DIRECTIONS.
In the entries below, begin at the line that has "Infiniti Q60 2017 — 14,900დოლარი" and stop after the line that has "Star Tours at Disneyland Paris"; output those lines exactly, leaving out pictures.

WORKING DATA.
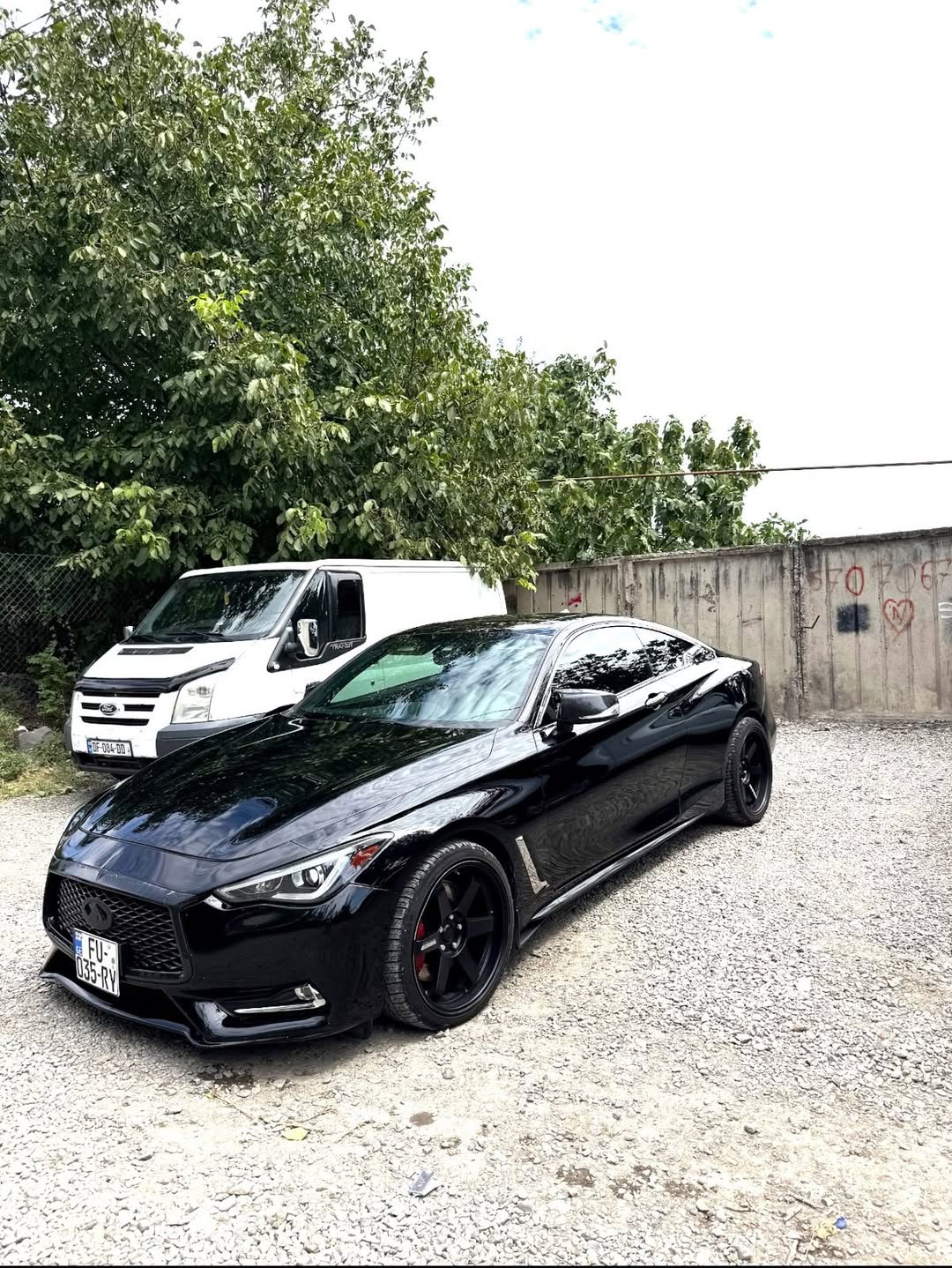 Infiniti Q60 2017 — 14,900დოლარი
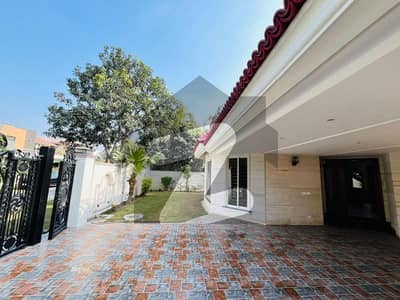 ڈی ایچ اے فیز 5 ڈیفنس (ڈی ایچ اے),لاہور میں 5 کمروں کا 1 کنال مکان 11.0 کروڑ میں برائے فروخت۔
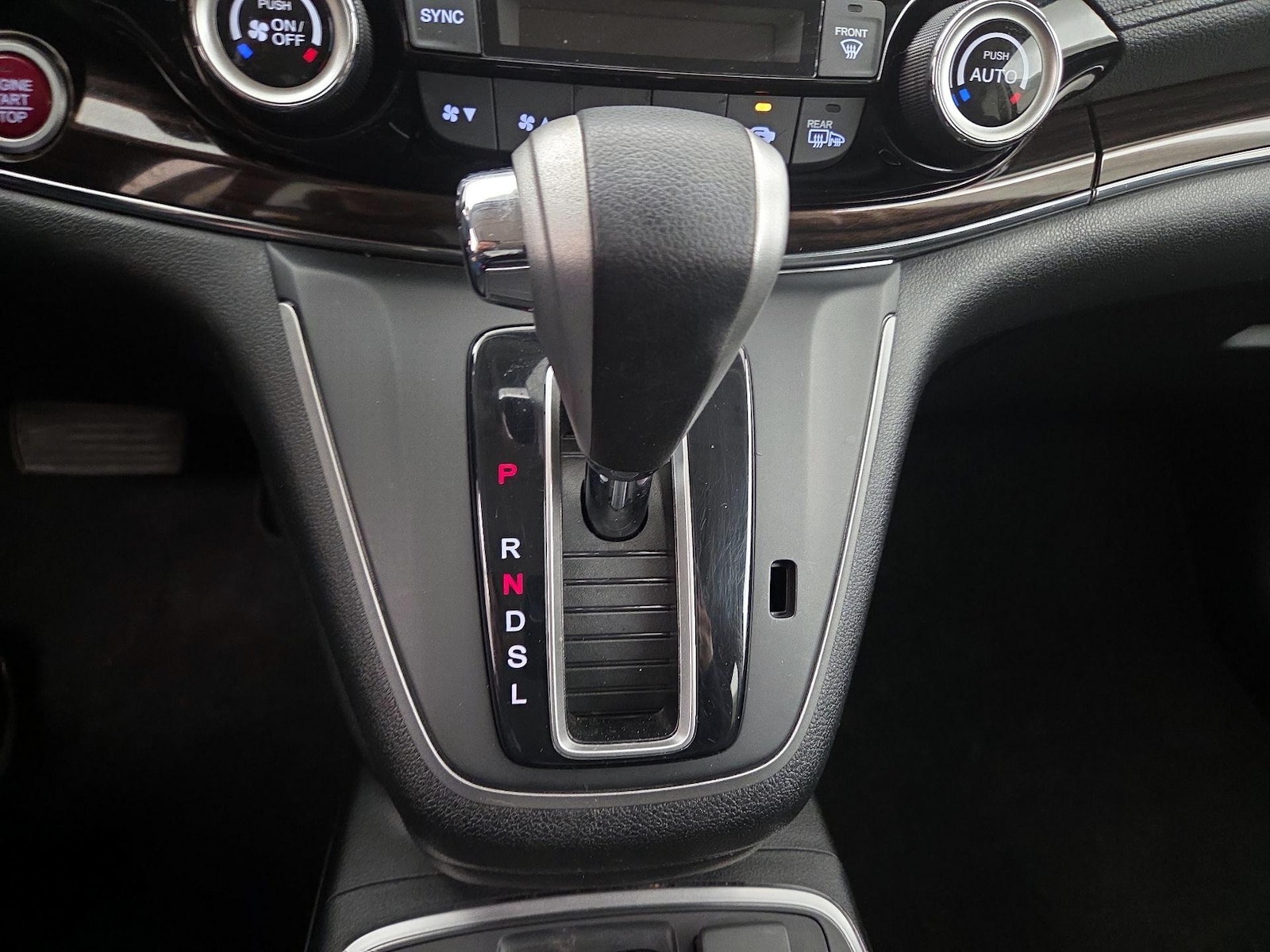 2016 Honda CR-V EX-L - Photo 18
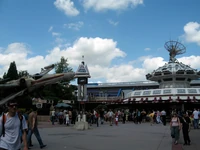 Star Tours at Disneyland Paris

==

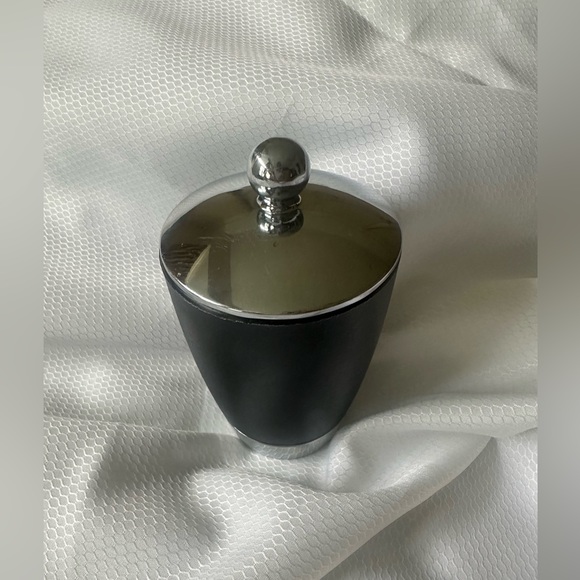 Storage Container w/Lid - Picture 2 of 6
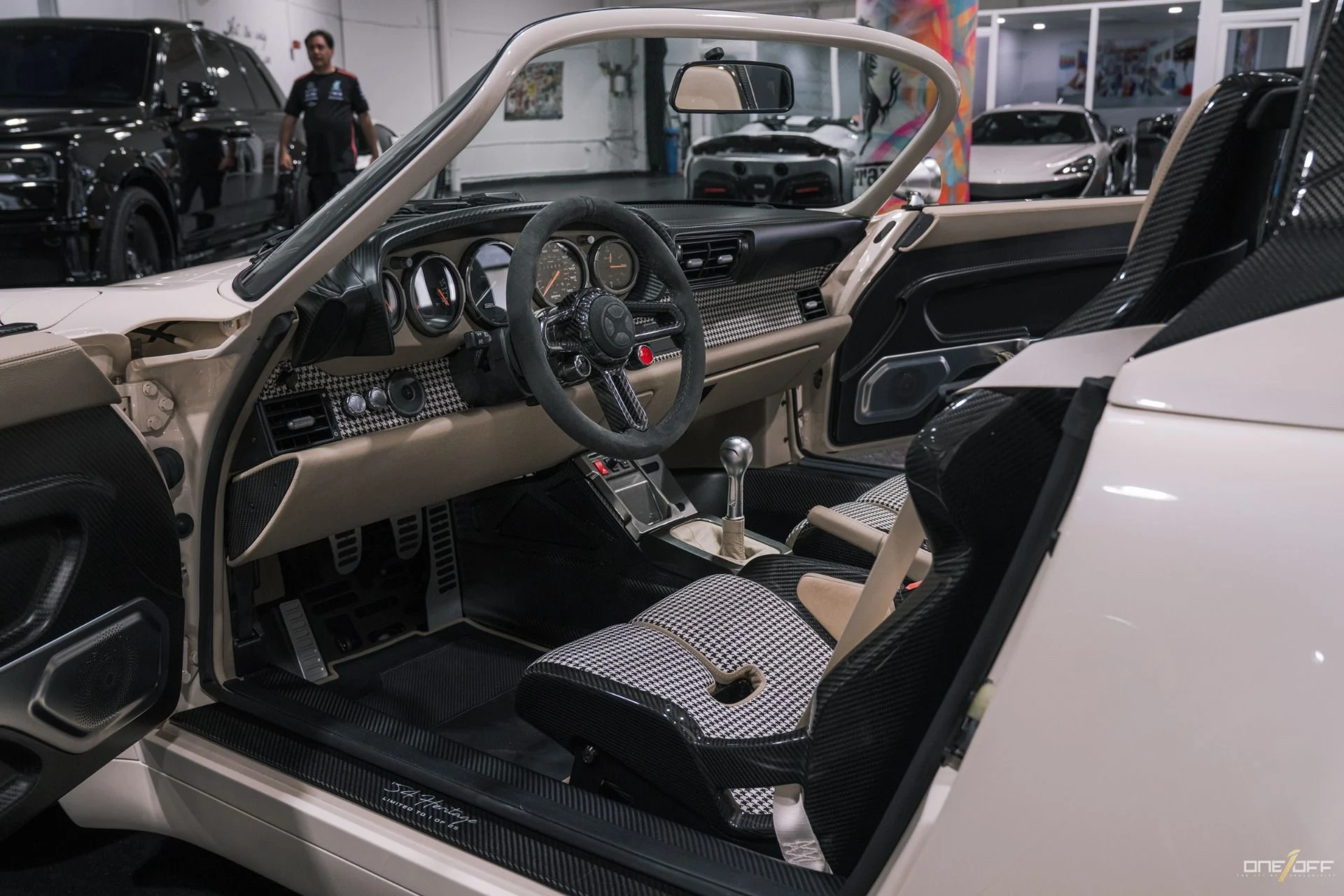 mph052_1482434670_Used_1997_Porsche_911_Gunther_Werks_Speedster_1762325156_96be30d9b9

RESPONSE.
 Infiniti Q60 2017 — 14,900დოლარი
 ڈی ایچ اے فیز 5 ڈیفنس (ڈی ایچ اے),لاہور میں 5 کمروں کا 1 کنال مکان 11.0 کروڑ میں برائے فروخت۔
 2016 Honda CR-V EX-L - Photo 18
 Star Tours at Disneyland Paris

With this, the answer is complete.